Updated: Mar 13, 2023

One of the biggest mistakes companies make is focusing too much on profits and not enough on cash flow. A Profit & Loss statement provides great data, but relying on the bottom line to gauge financial health in your organization is shortsighted and risky. Here’s why:

1) Tomorrow’s income won’t pay today’s bills. Your P&L may show a profitable month, but if your profits are held in Accounts Receivable, you may still be short on cash to pay your expenses. What happens when your next “big project” cancels or doesn’t pay on time? Or a shutdown closes your business’s doors for 6 weeks? Will you have the fluid cash reserves necessary to get your company through, and if so, for how long? Cash flow management ensures that you are on top of your AR, that you know your runway, and that you can easily and accurately predict the outcome of unexpected changes to your income.

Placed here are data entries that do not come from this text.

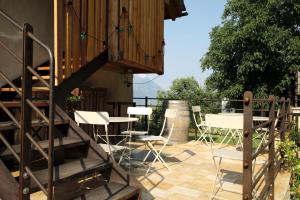 un patio con mesas y sillas y una escalera de madera en La casa di paglia B&B, en Verrayes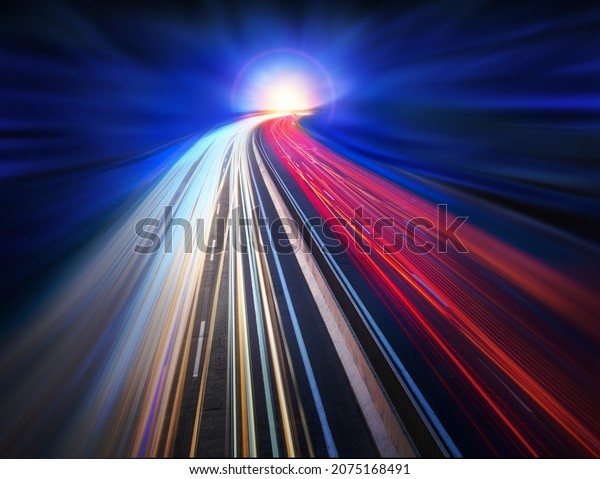 The\
path and light trails of cars on the night car road. Creative\
background design, motion and blur. Long\
exposure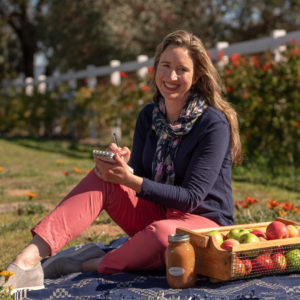 Lis Bronner sitting on grass writing out a shopping list.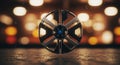 Futuristic metallic wheel with sleek, segmented spokes stands on a reflective
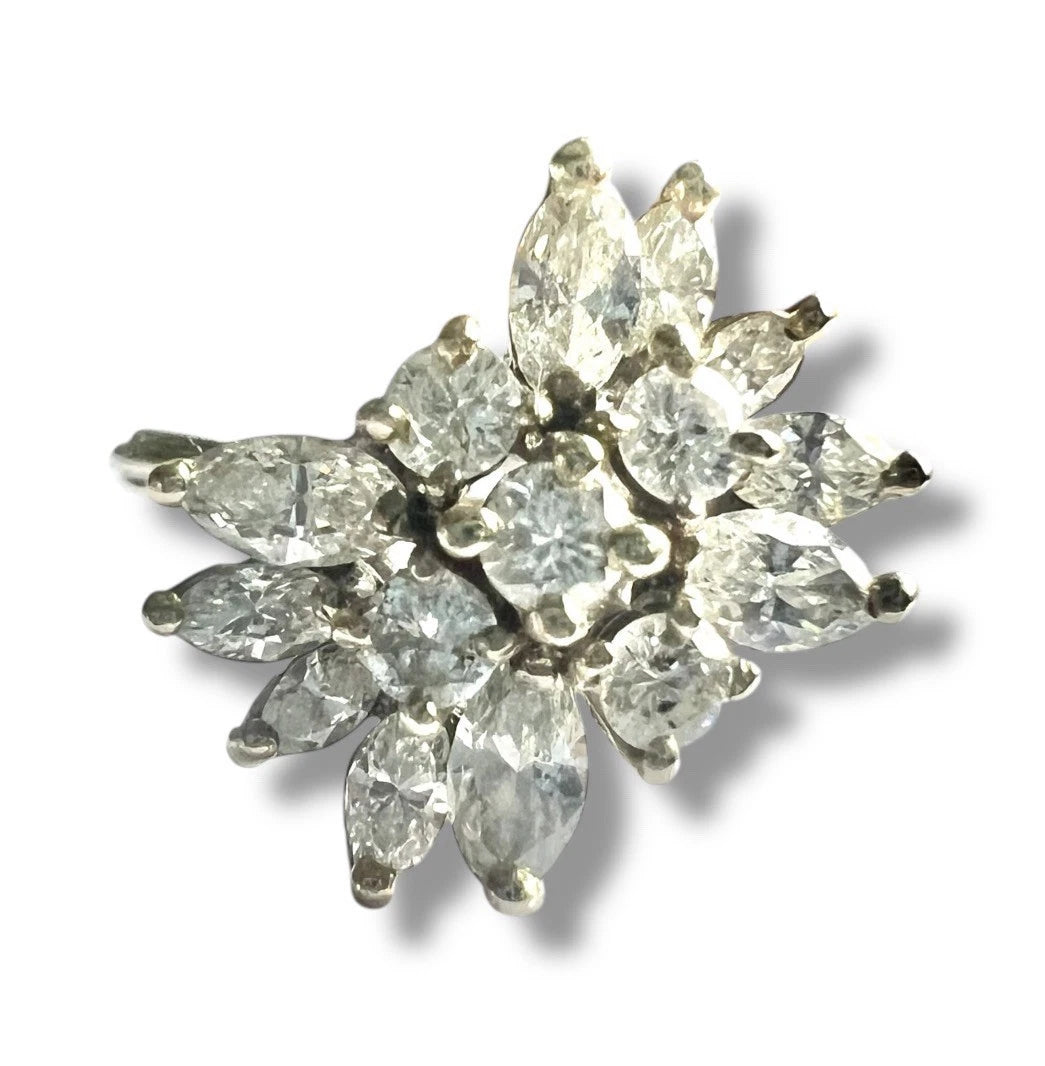 Large Diamond ring with marquise-shaped diamonds on a white background. Close up front view 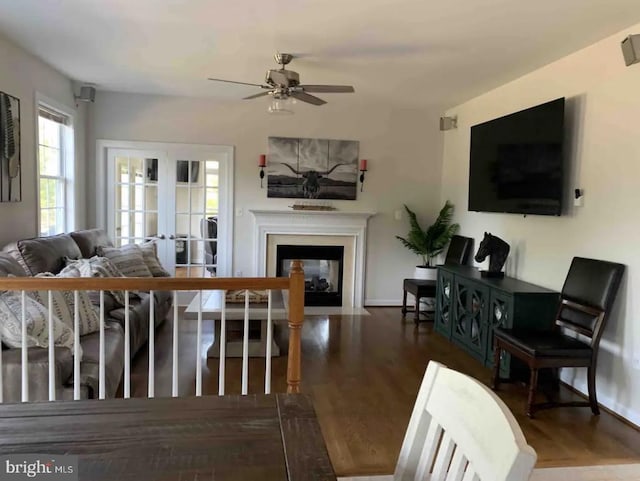 living room featuring ceiling fan and dark hardwood / wood-style flooring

2) Today’s income may be insufficient for upcoming periodic expenses, such as taxes, equipment purchases, annual bonuses, etc. Your P&L is merely a snapshot of last month, it’s not a road map for what’s ahead. Unfortunately, it is not at all uncommon for businesses to reach the end of the year and realize they are under-resourced for a $500,000 tax bill. Being attentive to your cash flow allow you to see exactly how these periodic big expenses will impact your cash, and will put the money in the bank before you need it.

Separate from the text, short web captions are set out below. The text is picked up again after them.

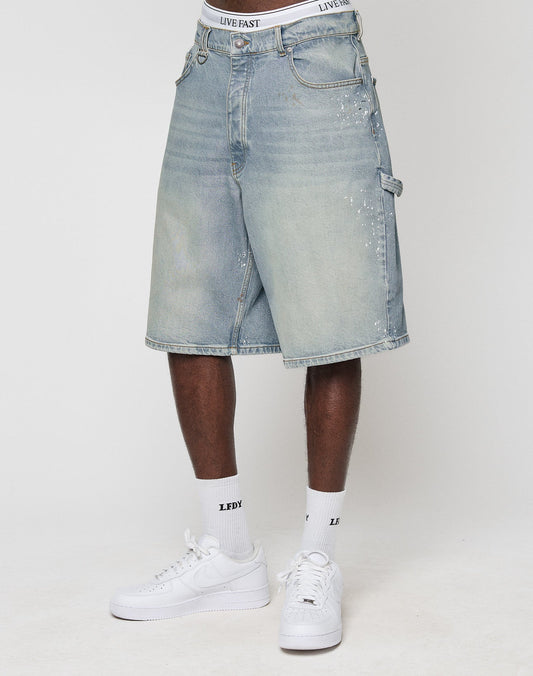 A person wearing LIVE FAST DIE YOUNG Carpenter Jorts in light blue 100% cotton with LIVE FAST on the waistband, white LFDY socks, and white sneakers stands against a plain white background.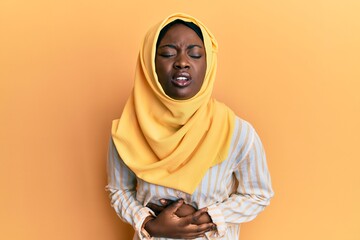 Beautiful african young woman wearing traditional islamic hijab scarf with hand on stomach because nausea, painful disease feeling unwell. ache concept.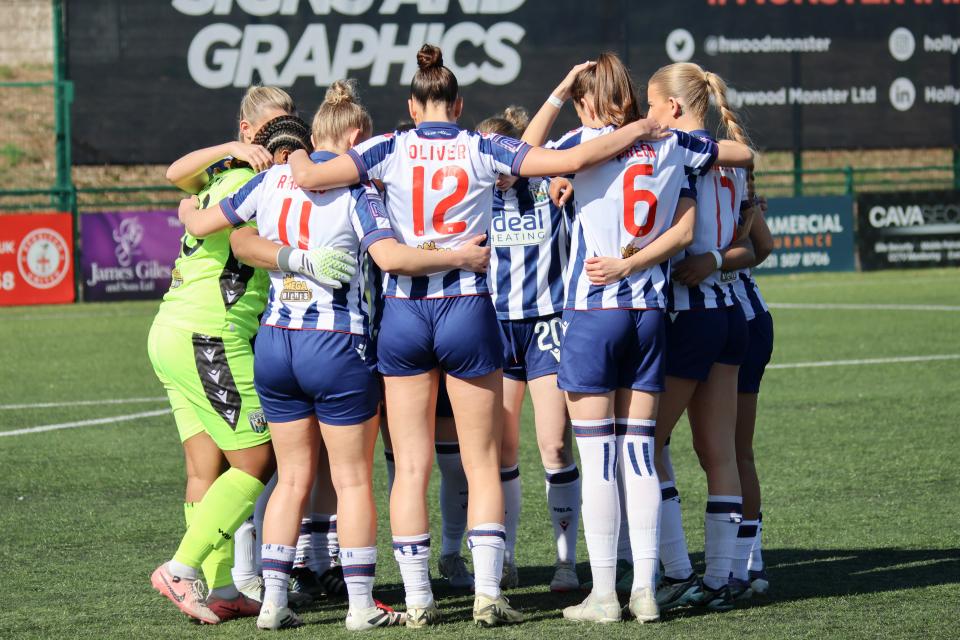 Albion Women in a team talk.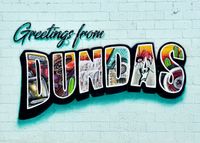 An orthogonal picture of a 'Greetings From Dundas' mural done in a retro travel postcard style on a brick wall.
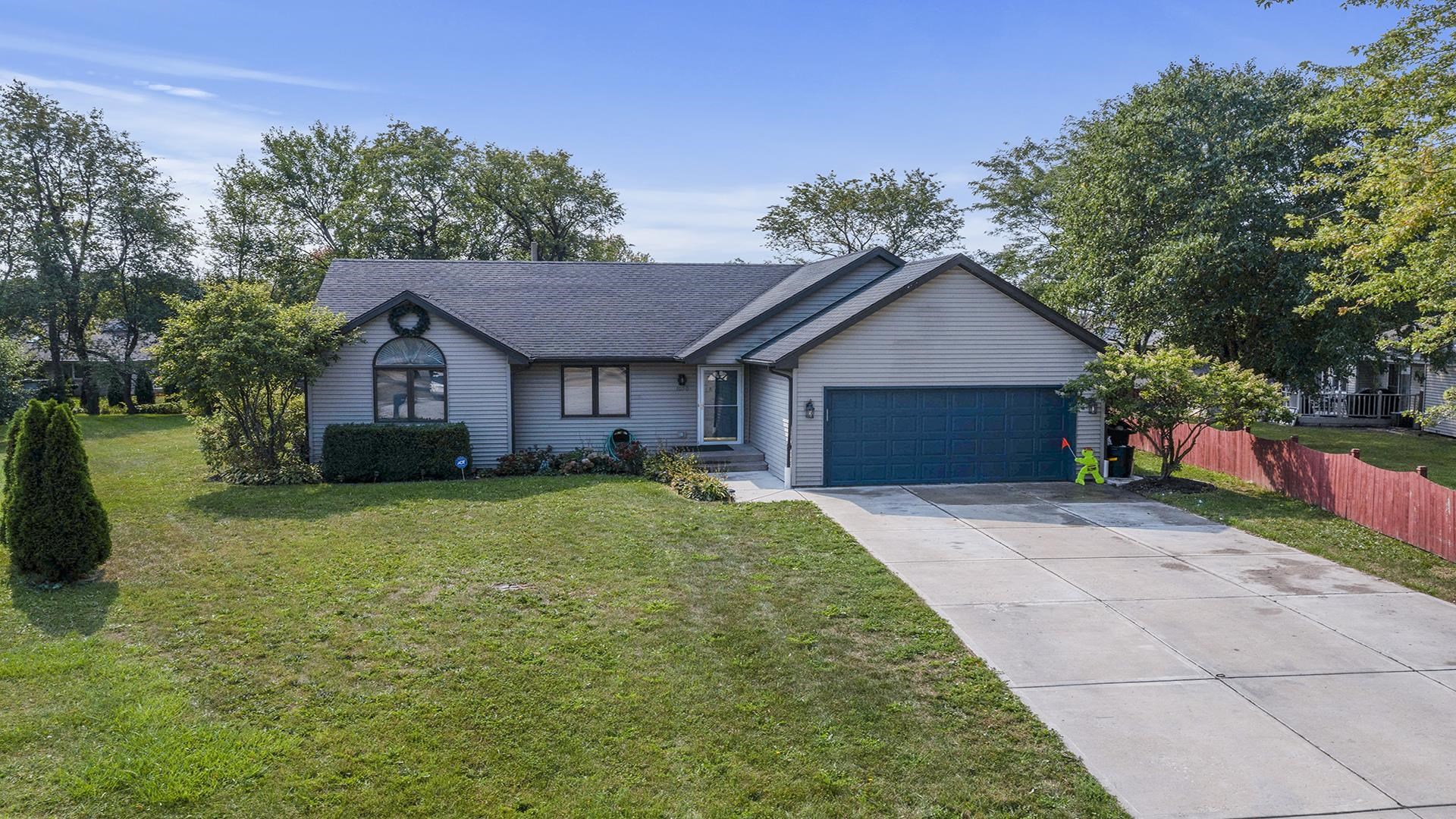 1050 South Trainer Road Rockford, IL 61108 - Photo 2 of 33 a front view of a house with a yard and trees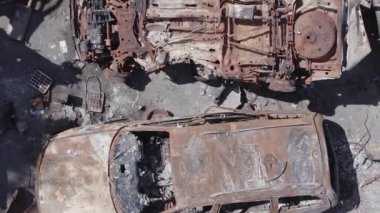 Bu stok dikey video Irpin, Bucha bölgesinde gri, düz, renksiz, yanmış arabaları gösteriyor.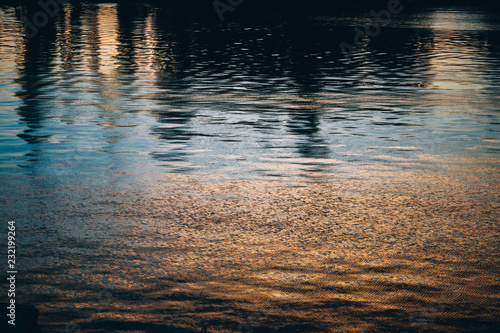 Water surface with glare of sunset sun and reflections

3) Without attention to future cash flow, every financial decision you make is blind. Many business owners make important choices about when and how much to spend based on today’s bank balance. This, more than anything, is why cash flow problems are the second-largest business killer. For example, how many times have you been advised by an accountant, CPA, or business colleague to spend more at the end of the year to save on taxes? While this can be helpful if all goes well, what if an unexpected income dip at the beginning of next year leaves you without the cash reserves to pay existing bills and payroll? Or what if the new truck you purchased during your peak season is a total financial drain once you hit that anticipated seasonal decline? You simply cannot know the implications of large financial moves if you have not looked far enough into the future to see how they impact your cash balance.

Stop relying on insufficient data to steer your company into the future. If you’re a business making more than $500K per year in revenue, it is critical that you have a cash flow advisor who is intimately familiar with your numbers, your goals, and your overall financial landscape.